We had a pretty good time setting up for this shoot. We shot over a dozen synthesizers that day, July 17th 2010 to be exact. We listened to a bunch of records and drank some beers while we took photographs. We listened mostly to stuff from the 1980’s. Tracks that featured the synthesizer of course.
When we talked about covers for the book, I was thinking I’d use my favorite synthesizer of all time, the Prophet 5 Synthesizer!
I first became aware of the Prophet 5 synthesizer while I was living in Miami, around the early 80’s. MTV was just launching and Florida was one of the first states to get MTV. I was there for the launch of the best idea to ever hit cable TV. It’s such a shame that MTV turned into something different.

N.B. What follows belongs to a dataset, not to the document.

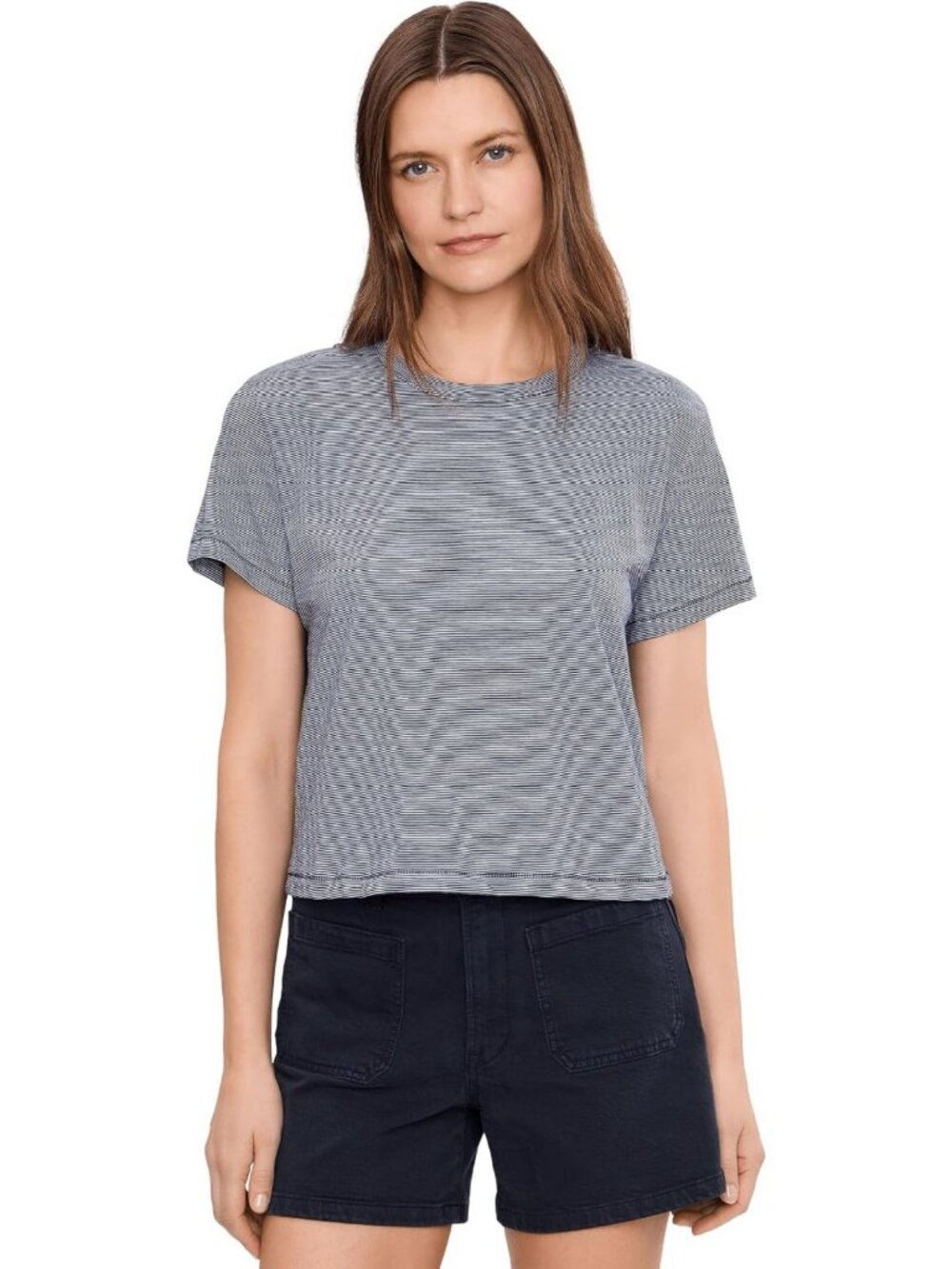 Striped Slub Tee - Soft Cotton Blend, Casual Chic Top, Perfect for Layering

During the early 1980’s it became my daily ritual to watch MTV. I would come home from school and if I could get it in, MTV would be on most of the time. I remember The Buggles video for Video Killed the Radio Star. There was The Fixx with Saved By Zero. There was Peter Gabriel’s, Shock the Monkey. Of course there was always as many Duran Duran videos as a person could wish for. It’s around this time that I really started to notice the synthesizer.
One of the first synthesizers to leave a mark on me was the Sequential Circuits Prophet 5. I remember seeing Uwe Fahrenkrog-Petersen, I think it was him, playing a Prophet 5 synthesizer in Nena’s 99 Luft Balloons (99 Red Balloons) video. Oh, that wood! Ralf Hütter, of Kraftwerk probably hated the Prophet 5 just because it was made of wood. That’s one of the reasons why I liked it though. It had lots of knobs. It was futuristic, but still wanting to fit in with the organ player using it in a rock band or something.

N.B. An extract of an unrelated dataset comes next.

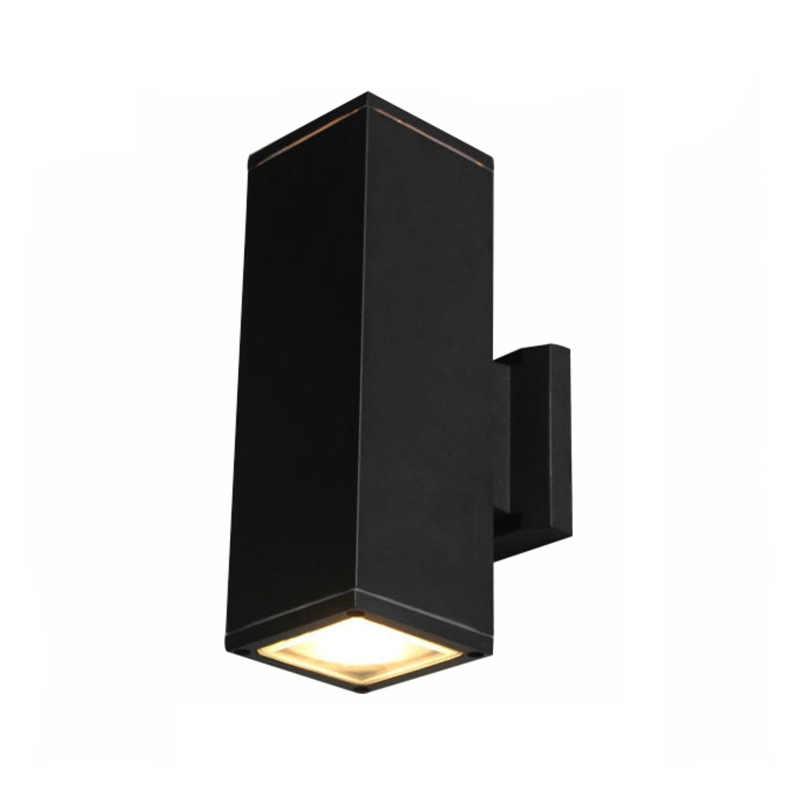 LED户外防水方形壁灯上下照射灯过道走廊围墙灯E27灯头单双头壁灯白底实物图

In a 1984 Keyboard magazine I read an interview with David Diamond and Matt Reid of Berlin. I still have the issue. They were really big users of the Prophet 5. A month later it was Mark Isham singing it praises and talking about how he used it for 95% of the synthesizer cues on the Disney movie Never Cry Wolf. He would become one of my favorite film composers.
Dave Ball of Soft Cell, Jerry Harrison of the Talking Heads, John Carpenter, David Sylvian, Richard Barbieri and many, many others artist are well known for their use of the Prophet 5 synthesizer. Sylvian and Barbieri are rumored to have invested an incredible amount of time tweaking sounds on the synthesizers they used for Japan’s, Tin Drum. The Prophet 5 was at the core of those sessions and an Oberheim OBX. Producer/Engineer Steve Nye was brought to the brink of a breakdown as they slaved away endlessly creating sounds. They all played a pivotal role in helping me build an adoration for this Sequential Circuits synthesizer.
It was Nick Rhodes of Duran Duran that I remember most for using the Prophet 5, however. MTV became synonymous with Duran Duran. They capitalized on the use of video better than anyone. The video helped Duran Duran sell lots of records. I still like The Chauffer and Rio. They always had beautiful women in their videos. The video was becoming a new way to sell music to a buying public. For Duran Duran there was Girls on Film, Careless Memories, and Planet Earth. Nick Rhodes is perhaps best known for his use of the Roland Jupiter 8. For me though, I couldn’t keep my eyes off his Prophet 5 synthesizer in those videos. I saw him use it on TV concerts, live in studio appearances, and all the shows bands appeared on, in the 1980’s. Think Top of the Pops. I don’t think Duran Duran played on Solid Gold! Did they? I wonder. They did play on Soul Train a few years later, though I don’t recall seeing a Prophet 5!
It would be years later that I would get my hands on a Prophet 5. Well after I left university. For a very long time all I had was magazine photographs of the Prophet 5. They were too expensive when they were first introduced in 1978 and they remained expensive to a teenager like me years later. To me it was like owning some 1950’s Porsche or something. I created a grand mystique for it. They were starting to go up in price when I got mine, but the prices still weren’t prohibitive. This one is a Rev 3.2. The one just before MIDI was introduced. It has the extra banks of patches too. I had it MIDI’d a couple of years back by Stephen Jones in Seattle.
I’ll post more pictures of the Prophet 5 soon.